Your task:
Give the lines below again exactly, starting with the line that holds "Produktbild von Grosse" and going on through the line that holds "CABEST Home Lights".

(Material provided begins)

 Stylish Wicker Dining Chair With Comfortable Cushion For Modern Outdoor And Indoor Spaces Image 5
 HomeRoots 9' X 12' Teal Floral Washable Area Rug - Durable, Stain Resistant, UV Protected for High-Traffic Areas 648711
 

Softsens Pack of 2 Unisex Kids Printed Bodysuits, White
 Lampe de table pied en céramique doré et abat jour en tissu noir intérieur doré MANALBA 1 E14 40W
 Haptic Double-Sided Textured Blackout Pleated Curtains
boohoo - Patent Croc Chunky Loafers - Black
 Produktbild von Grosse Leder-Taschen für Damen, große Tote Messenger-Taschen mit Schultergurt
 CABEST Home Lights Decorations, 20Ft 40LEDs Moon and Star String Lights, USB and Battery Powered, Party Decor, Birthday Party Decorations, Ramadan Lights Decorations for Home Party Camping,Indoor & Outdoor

(Material provided ends)
(Material provided begins)

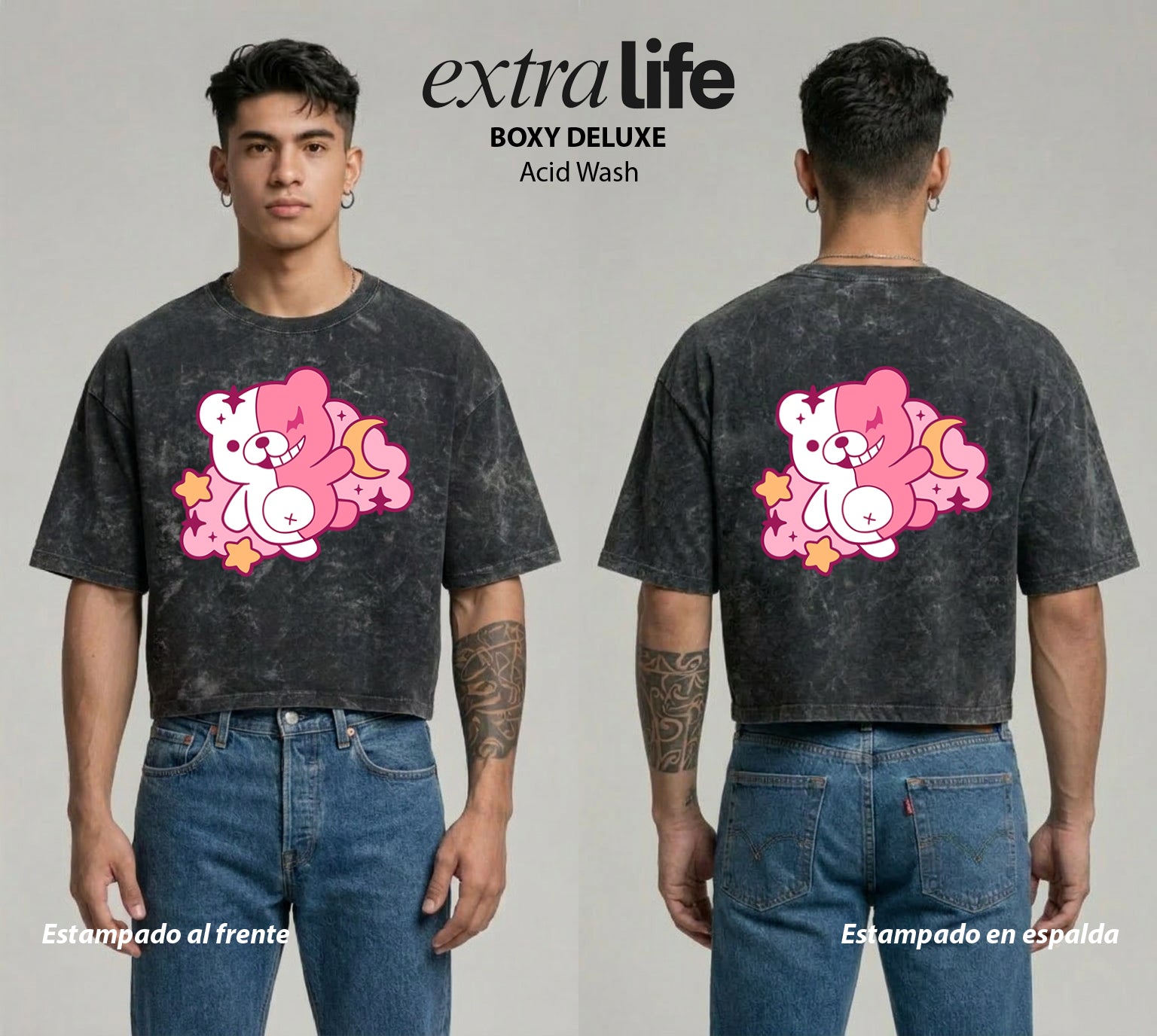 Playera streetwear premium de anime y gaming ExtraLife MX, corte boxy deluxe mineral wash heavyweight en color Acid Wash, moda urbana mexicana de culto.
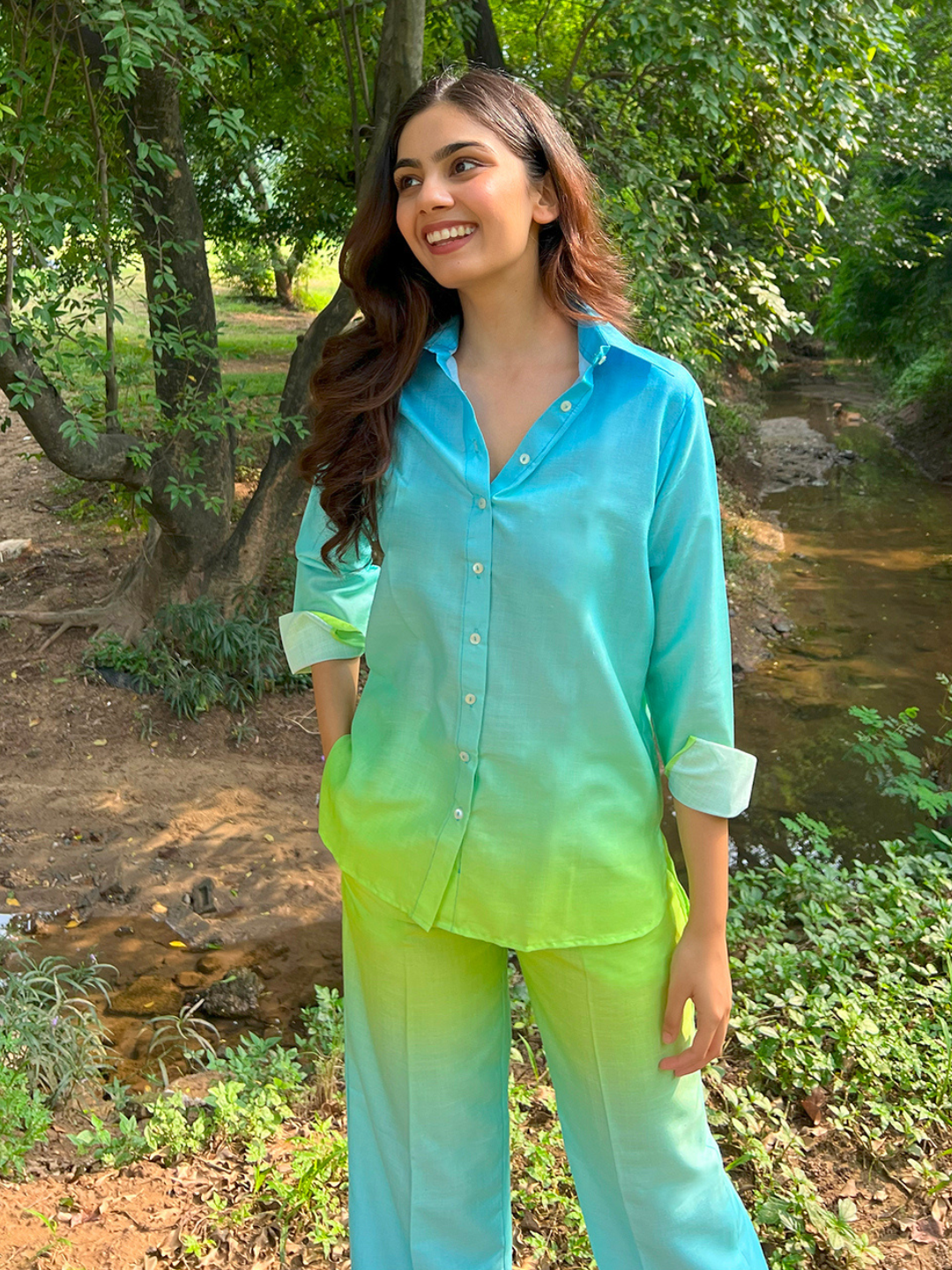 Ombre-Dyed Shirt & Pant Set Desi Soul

(Material provided ends)
(Material provided begins)

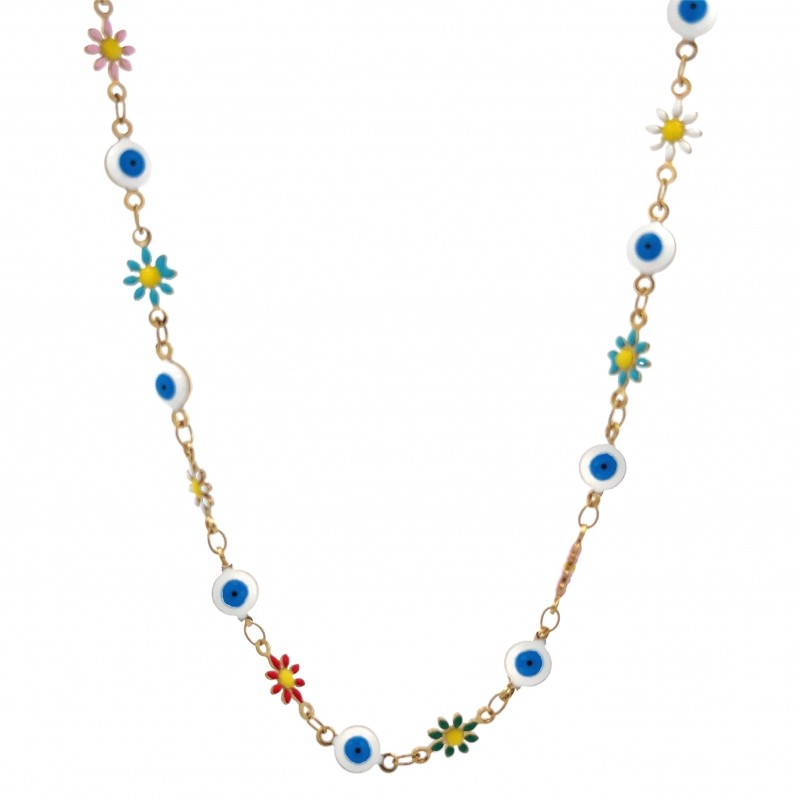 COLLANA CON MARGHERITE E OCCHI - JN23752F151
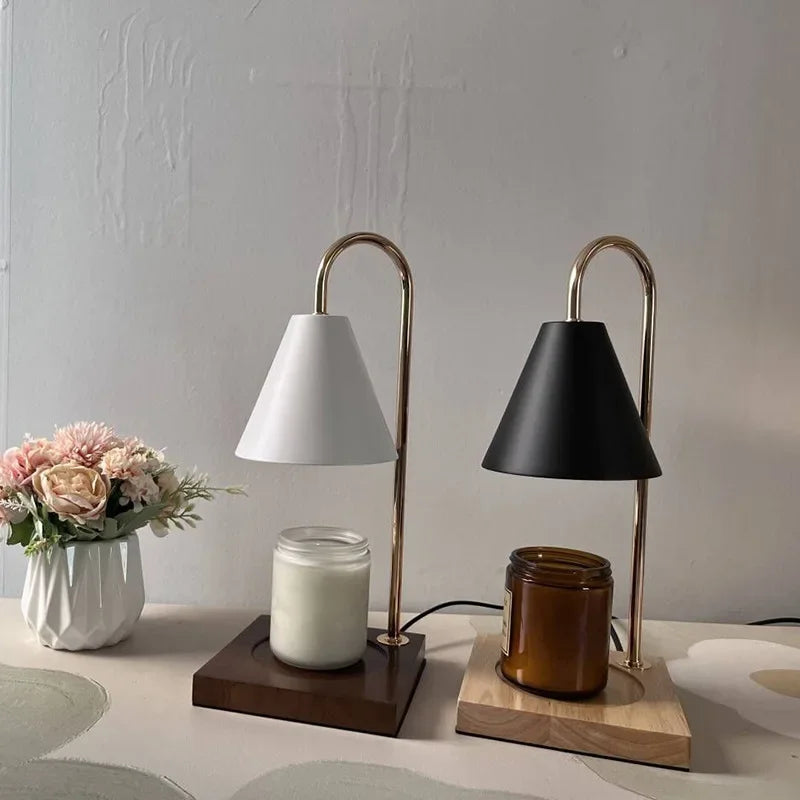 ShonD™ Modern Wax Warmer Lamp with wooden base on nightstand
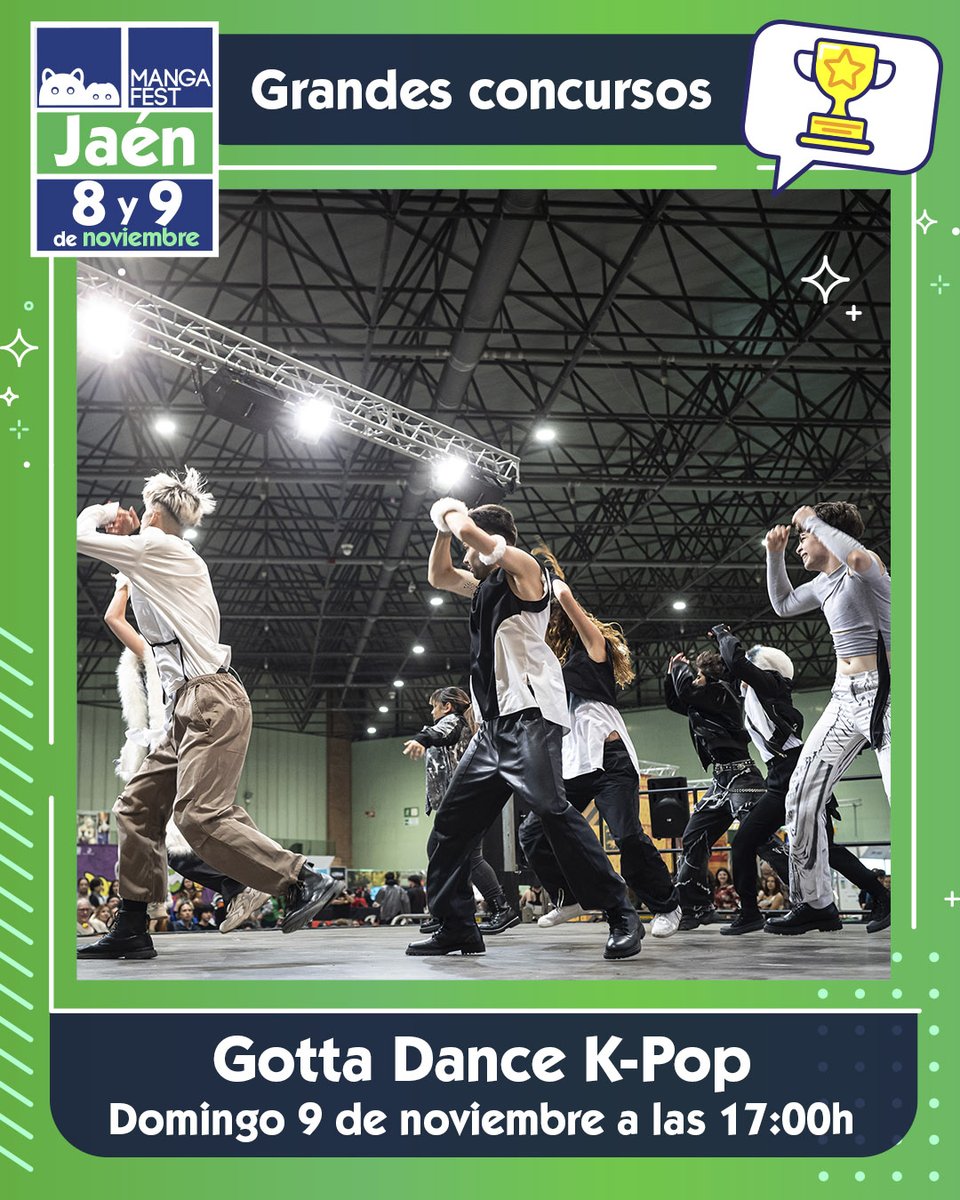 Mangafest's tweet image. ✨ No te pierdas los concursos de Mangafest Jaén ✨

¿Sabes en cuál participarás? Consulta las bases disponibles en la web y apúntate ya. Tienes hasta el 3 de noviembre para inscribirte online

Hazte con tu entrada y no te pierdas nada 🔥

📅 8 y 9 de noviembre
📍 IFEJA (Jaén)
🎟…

(Material provided ends)

Response below:
 Produktbild von Grosse Leder-Taschen für Damen, große Tote Messenger-Taschen mit Schultergurt
 CABEST Home Lights Decorations, 20Ft 40LEDs Moon and Star String Lights, USB and Battery Powered, Party Decor, Birthday Party Decorations, Ramadan Lights Decorations for Home Party Camping,Indoor & Outdoor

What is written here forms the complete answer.